In the aftermath, Tony sits on the edge of the pavement, the heels of his palms pressed against his forehead. This isn’t the first time he’s experienced death. Hell, he walks through it nearly every day. But the sting of this, the horror of it, still run sharp and deep. His hands won’t stop shaking.
Police officers surround the building, but Tony can’t focus enough to keep track of what they are doing. The light from the police vehicles is a steady, pulsing blue.
Tony blinks, looks up, and sees Jane being questioned by Paula. His expression is as smooth and controlled as always, but there’s a glint in his eyes that reminds Tony of the way he’d looked back in the kitchen, cold and dangerous. Was it worth it? Tony wants to ask. Was it worth what it’s going to do to you? But he suspects he already knows the answer. Tony has met too many people who believe that they can be cured magically, that all it takes is one small action, and all their problems will go away.

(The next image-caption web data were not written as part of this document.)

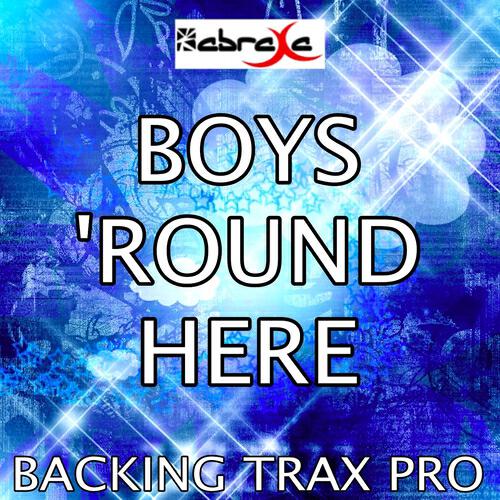 Backing Trax Pro - Boys Round Here (Karaoke Version) (Originally Performed by Blake Shelton)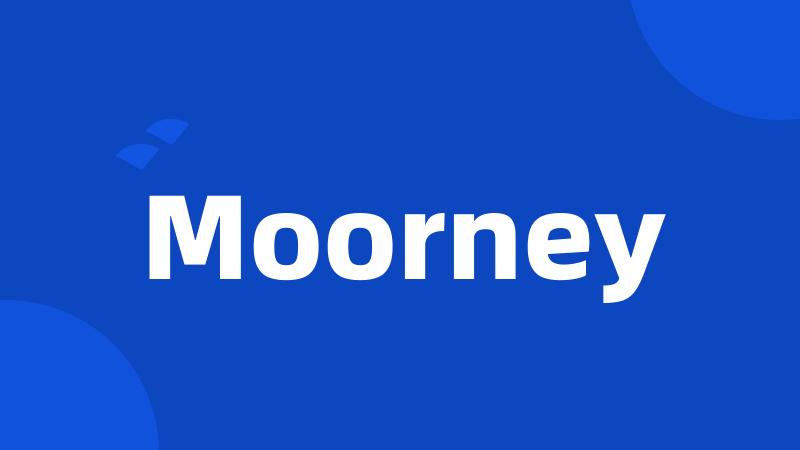 Moorney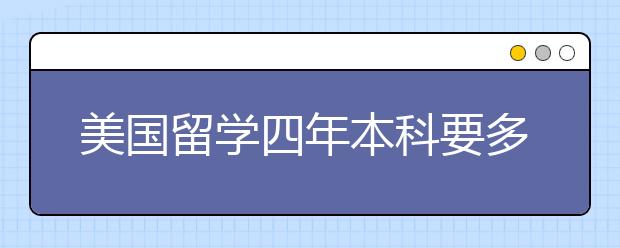 美国留学四年本科要多少费用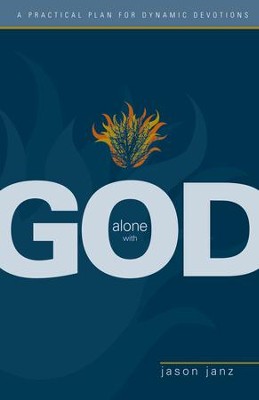 Alone with God: A Practical Plan for Dynamic Devotions - eBook  -     By: Jason Janz
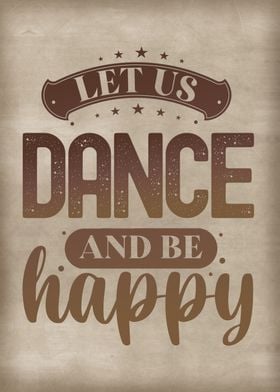 Let us dance and be happy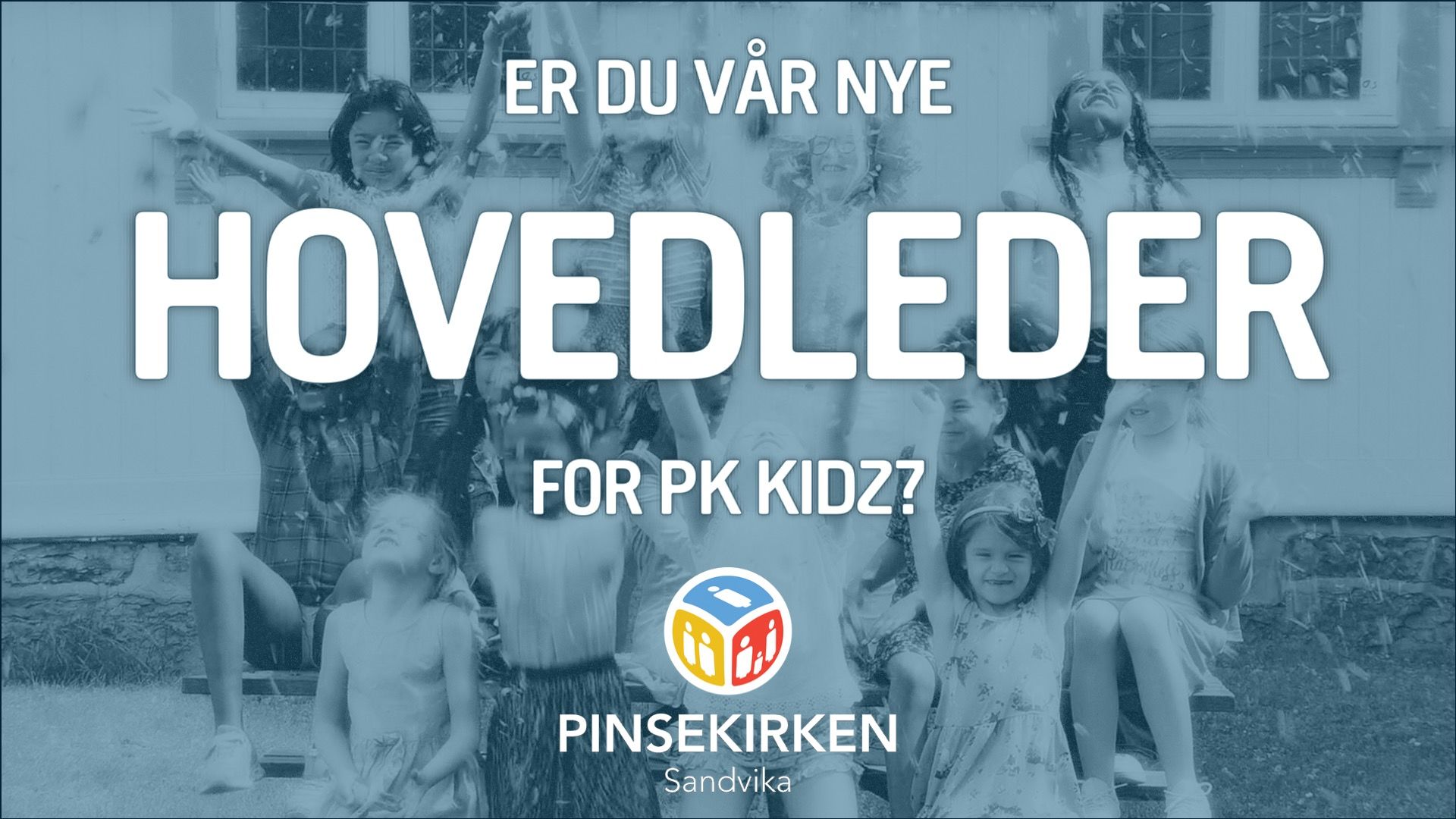 Er du vår nye hovedleder for PK Kidz ?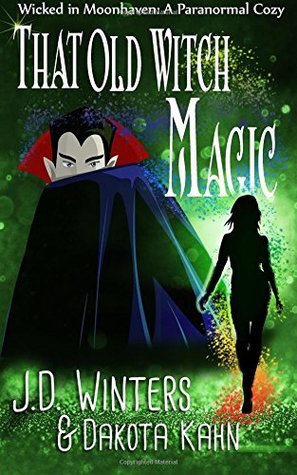 Full Download That Old Witch Magic: Wicked in Moonhaven~A Paranormal Cozy (Volume 2) - J.D. Winters file in PDF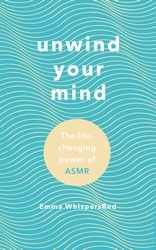 Book cover of Unwind Your Mind by Emma WhispersRed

Jane is too smart for that, but possibly too smart for his own good. That was what Tony had wanted to say, back in the kitchen, when he was watching Jane face Red John down. But that was Jane’s burden now, his own baggage to carry. Tony has no idea what will happen now to Jane. Once they’ve confirmed Red John’s identity (and there’s no doubt that they will), it’s up to the various legal agencies to sort things out.
Alex sits down next to Tony, her elbows resting on her bent knees. “How are you doing?” she asks.
“Fine,” Tony says. “I’m fine.” It sounds hollow even to his own ears.
He closes his eyes, replays the scene in his mind, every tiny moment he could have done something better, something right, and he knows he’ll see those dead, empty eyes in his dreams.